OK. In that case for Ribbons, the Type B jumper setting is probably what you want. I can shoot Beebo a quick email and ask for a wiring diagram too which might help to clarify.

It shouldn’t. With Type A and Type B it’s all about the current supplied, not the voltage. So as long as Beebo didn’t put a big resistor in series with the output then Ribbons should be able to receive a signal just fine.

I can’t say I’ve ever experienced that. :confused:

From Beebo:

“Ah okay. Just looked set the thread, so it’s working as type b which is what they say their version is so all good. On the Cc out module there’s a resolution option which might be the issue, basically it reduces how often messages are sent as some pedals can’t cope with fast messages (eventide h9). If that’s set too high it might only change on Cc number change.”

This message doesn’t quite make sense to me because Ribbons has a really fast MIDI scanning rate of 8kHz so it should be able to cope with the fastest possible messages.

Maybe try to adjust the resolution option for the CV to MIDI CC module anyway and see if this resolves things? See below. I would be curious to know what the setting options are for this parameter.

image

The Resolution parameter goes from 0.00 to 1.00. It defaults to 0.01, and since I’ve never known what it was supposed to do I’ve always just left it there. Testing it now, as I increase the value the MIDI messages get choppier, until at 1.00 it seems like there’s nothing being transmitted at all.

I’ve learned one thing that explains this “waking up” behavior. A little context: on the Beebo, I’m running an LFO module that outputs simulated CV (the Beebo has no CV out, so it’s just designed to control other modules within Beebo). This is connected to the CV To MIDI CC module, which is connected to the MIDI out port. Each of these modules have an on/off button. It turns out that if I change a parameter while the module is off, that parameter doesn’t actually get changed. When I turn the module on, it’s still putting out whatever it was putting out the last time it was on. So I would turn the MIDI out module off while I futzed with parameters, because I didn’t want to be sending random nonsense to Ribbons, and then I would turn the module on to see if what I changed helped matters. But that meant I was actually changing nothing.

So in my first post, where I talked about it working but not being a smooth sine wave, that was happening because I had changed the LFO from Random to Sine while the LFO module was off, so it was actually putting out a random LFO even though Sine was selected. If you make the changes while the modules are on, the changes are immediate and just as you expect. This goes against my instincts for whatever reason–it feels like making a change to software while it’s in production, if that makes sense–but I’ll get used to it.

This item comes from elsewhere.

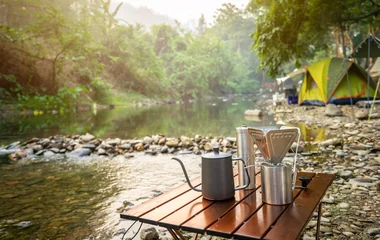 Fotobehang koffie druppelen tijdens het kamperen in de buurt van de rivier in het natuurpark © domonite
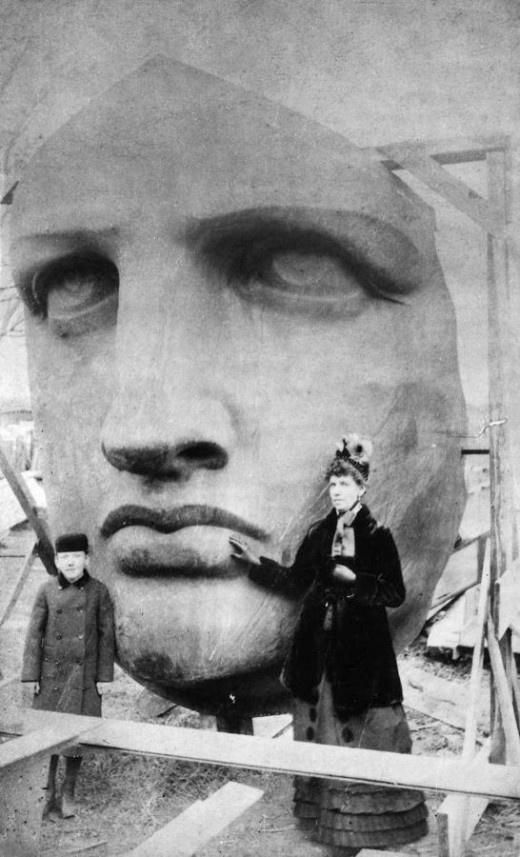 La cabeza de la Estatua de la Libertad en una fotografía de 1885.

In my last testing session, everything worked fine after I figured out that I had to leave all the modules on while I changed parameters. I even had two separate MIDI out modules going, modulating two parameters at once, and there were no issues. The only issue I had was that when I would change a CC# the previous parameter would stay at the last position/value sent by the Beebo until I cranked the knob around, and sometimes I would have to turn the knob more than once to get it back to zero. I noticed that Ribbons seemed hissier than usual at one point, and found that I had to turn the Noise knob back and forth a couple of times to zero it out. It was somehow stuck at a very very low level of Noise.

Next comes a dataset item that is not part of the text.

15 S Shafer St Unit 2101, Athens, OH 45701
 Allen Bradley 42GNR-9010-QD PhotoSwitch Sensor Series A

I wasn’t able to reproduce the glitches that happened in my previous sessions. It’s not as though those glitches just happened once–they happened several times. So I’m not sure why they were happening then and why they aren’t happening now. But at the moment, things are working fine, and this entire thread can be summed up as “things didn’t work, and then they did.” Maybe this will be useful to a Beebo user somewhere down the line, but I’m not holding my breath. Thanks, Jaak, for paying so much attention to this non-story.